# Exercise brief
Exactly the lines from the first line of the records to the line holding "Ornament - disco" should be duplicated, and nothing more; pictures stay out.

# Dataset records

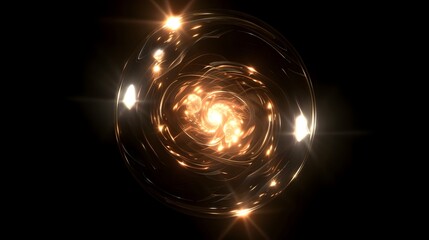 Radiant Sphere of Swirling Energy - Captivating 3D Visualization for Advanced Technology Themes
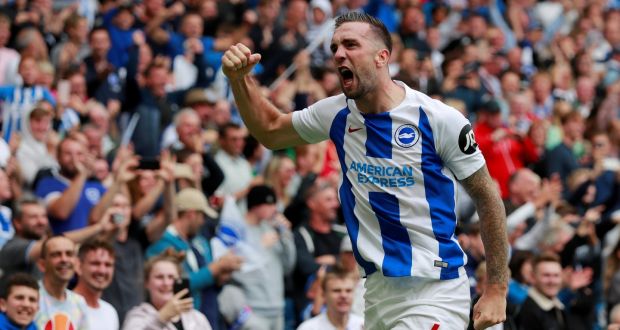 Shane Duffy scored Brighton’s second against Manchester United. Photograph: Aldrew Coulridge/Reuters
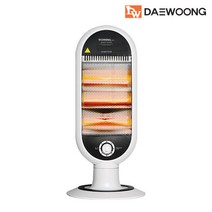 대웅모닝컴 3단 슬림형 석영관 히터 1200W 3단조절 좌우회전 이동형 전기히터 온풍기, DWH-KQ220KP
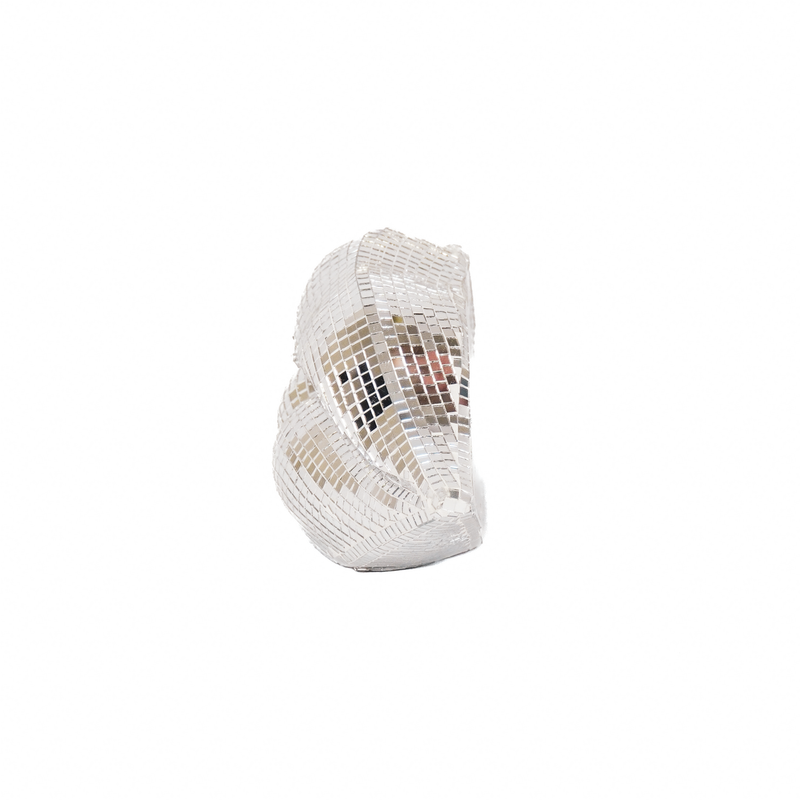 Ornament - disco -lippen - glas - zilver - 29x10x13,5 cm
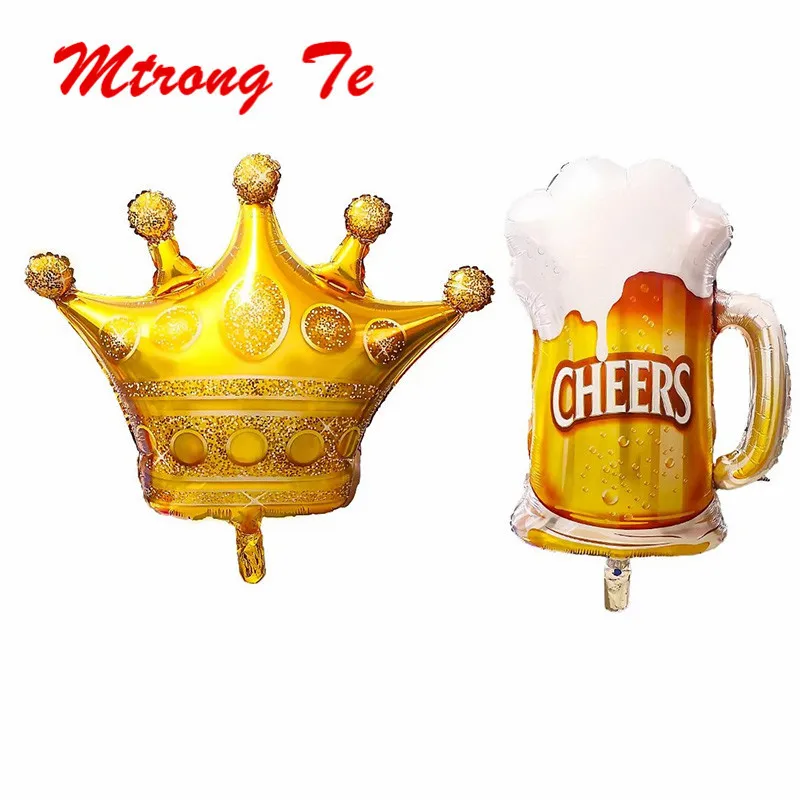 

10pcs Large Size Princess Crown Beer Cheers Mug Helium Foil Balloons Gold Ballons Birthday Party Decorations Kids Toy Supplies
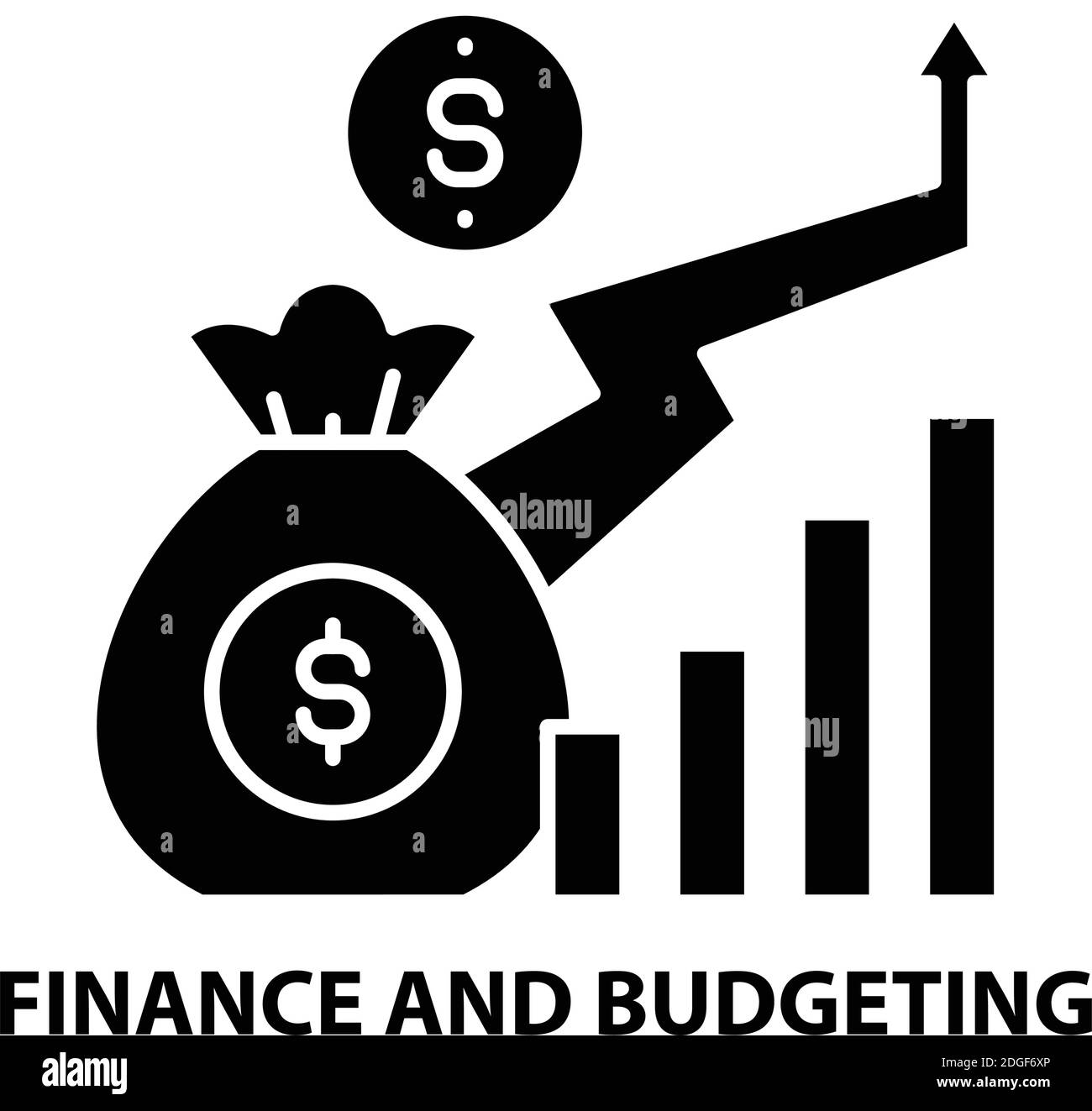 icona finanza e budget, segno vettoriale nero con tratti modificabili, illustrazione concettuale Illustrazione Vettoriale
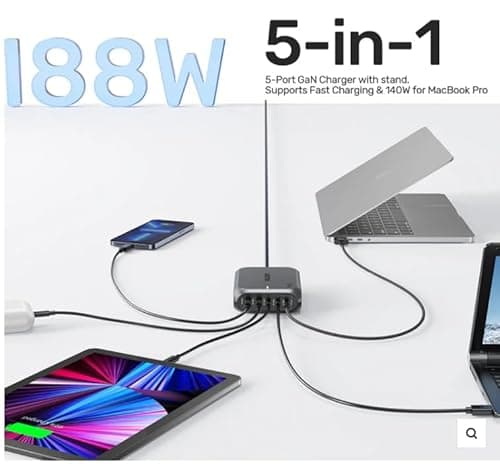 UNITEK 188W PD3.1 Desktop GAN Charging Station 5-Port GAN Charging with Stand Supports Fast Charging & 140W for MacBook PRO 4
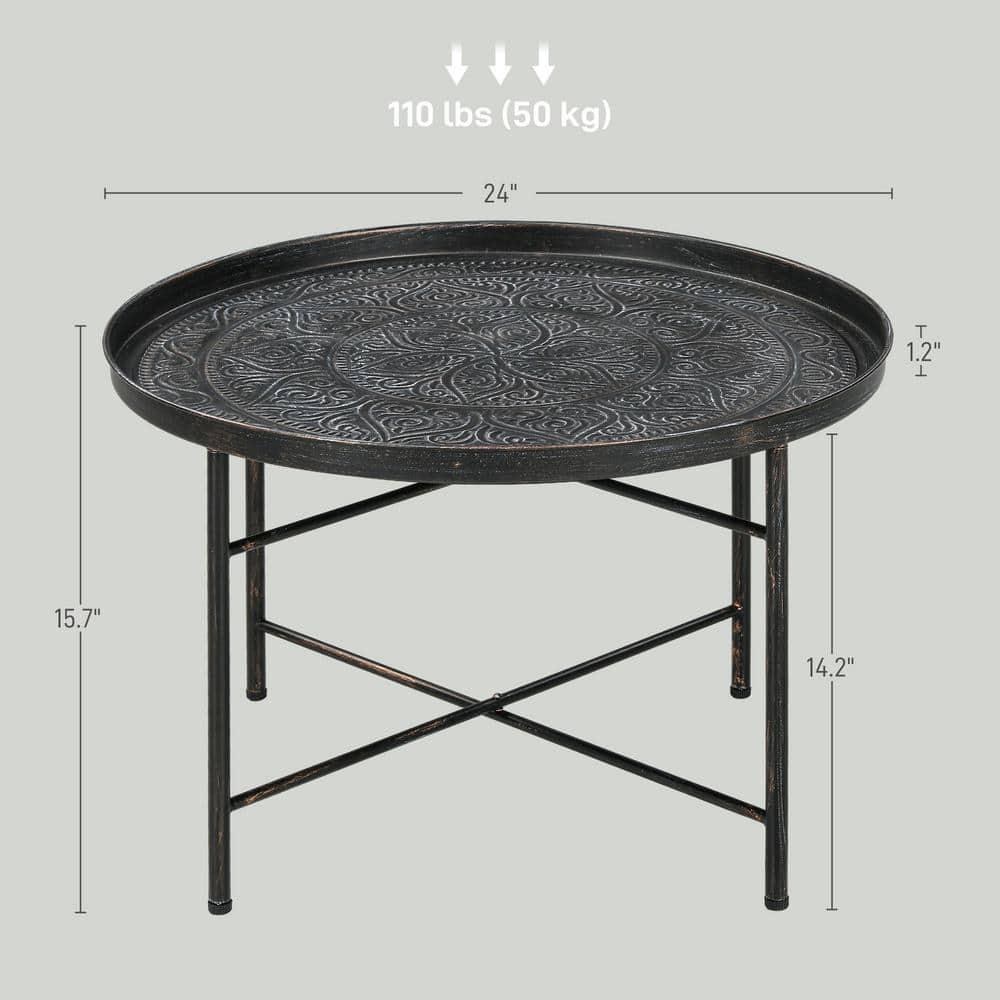 HOMCOM 24" Round Coffee Table with Hammered Tray Top, Vintage Metal Center Table for Living Room, Bedroom, Side Table, Pewter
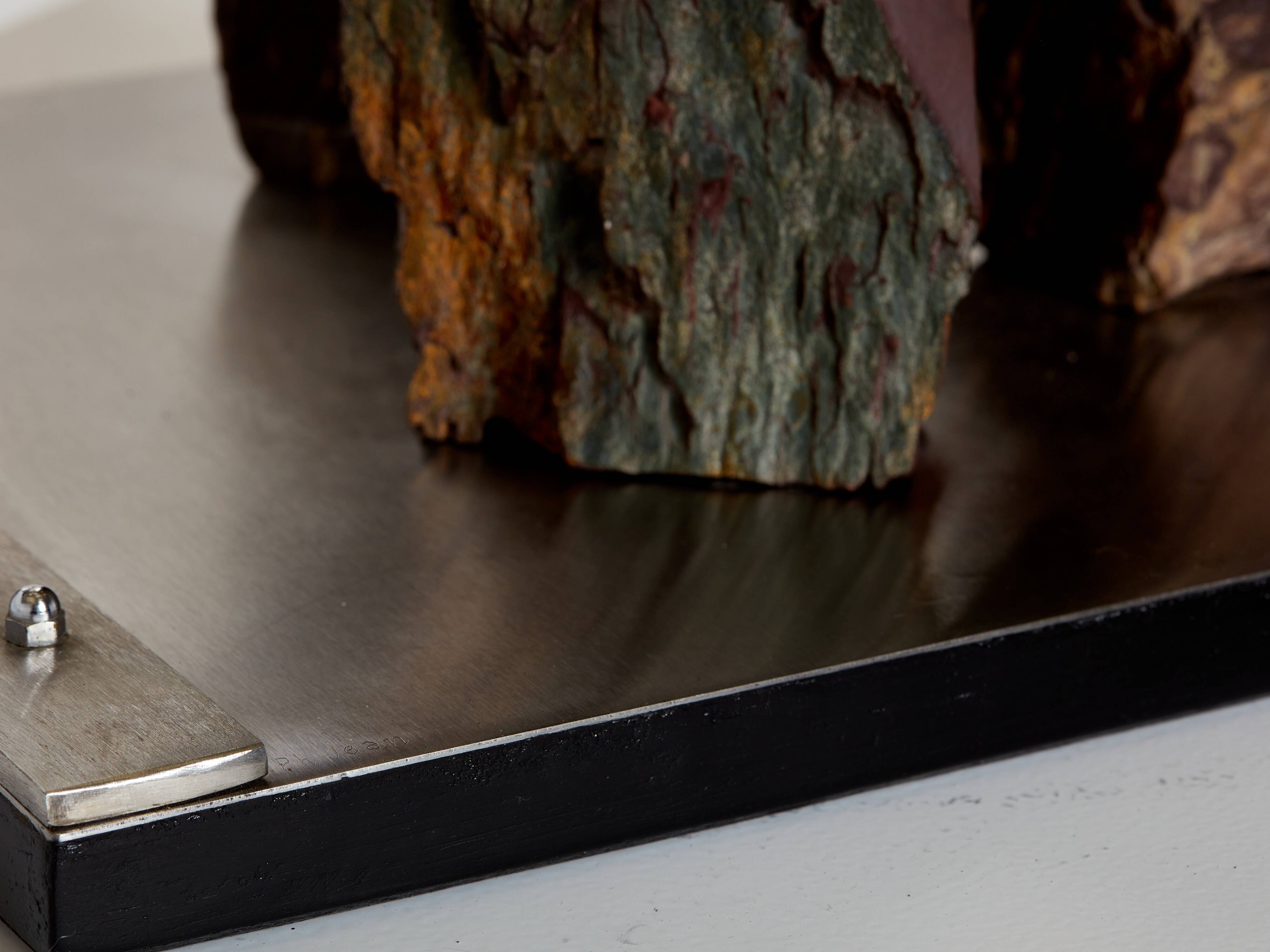 Brutalist lamp signed Philippe Jean steel and red schist 1970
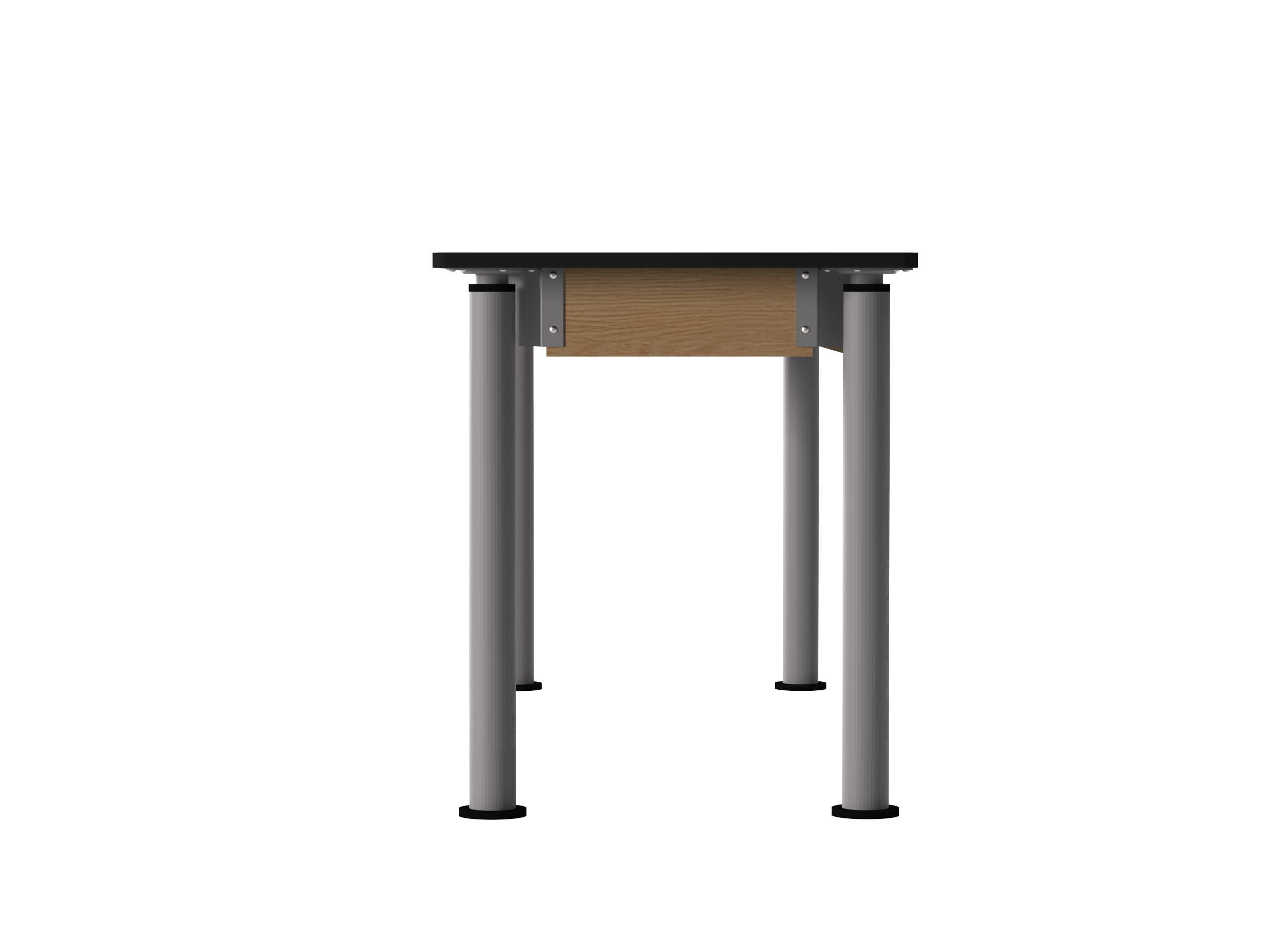 Uplift! Adjustable Height Table with Wood Apron - Red Oak, HPL Laminatew/3mm Edge, 72"W x 24"D x 26-1/2 - 41"H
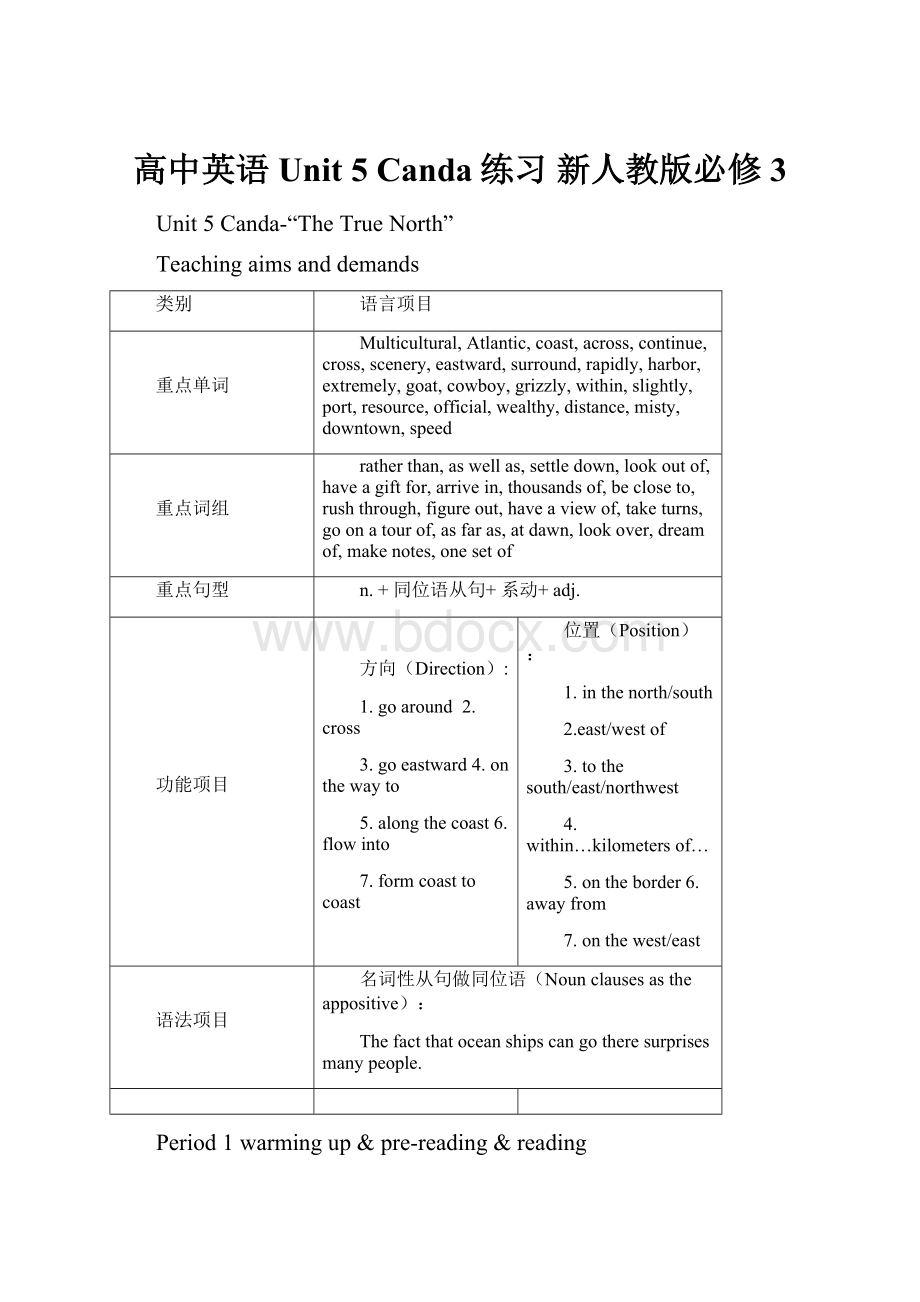 高中英语 Unit 5 Canda练习 新人教版必修3.docx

# Solution for this exercise
 Radiant Sphere of Swirling Energy - Captivating 3D Visualization for Advanced Technology Themes
 Shane Duffy scored Brighton’s second against Manchester United. Photograph: Aldrew Coulridge/Reuters
 대웅모닝컴 3단 슬림형 석영관 히터 1200W 3단조절 좌우회전 이동형 전기히터 온풍기, DWH-KQ220KP
 Ornament - disco -lippen - glas - zilver - 29x10x13,5 cm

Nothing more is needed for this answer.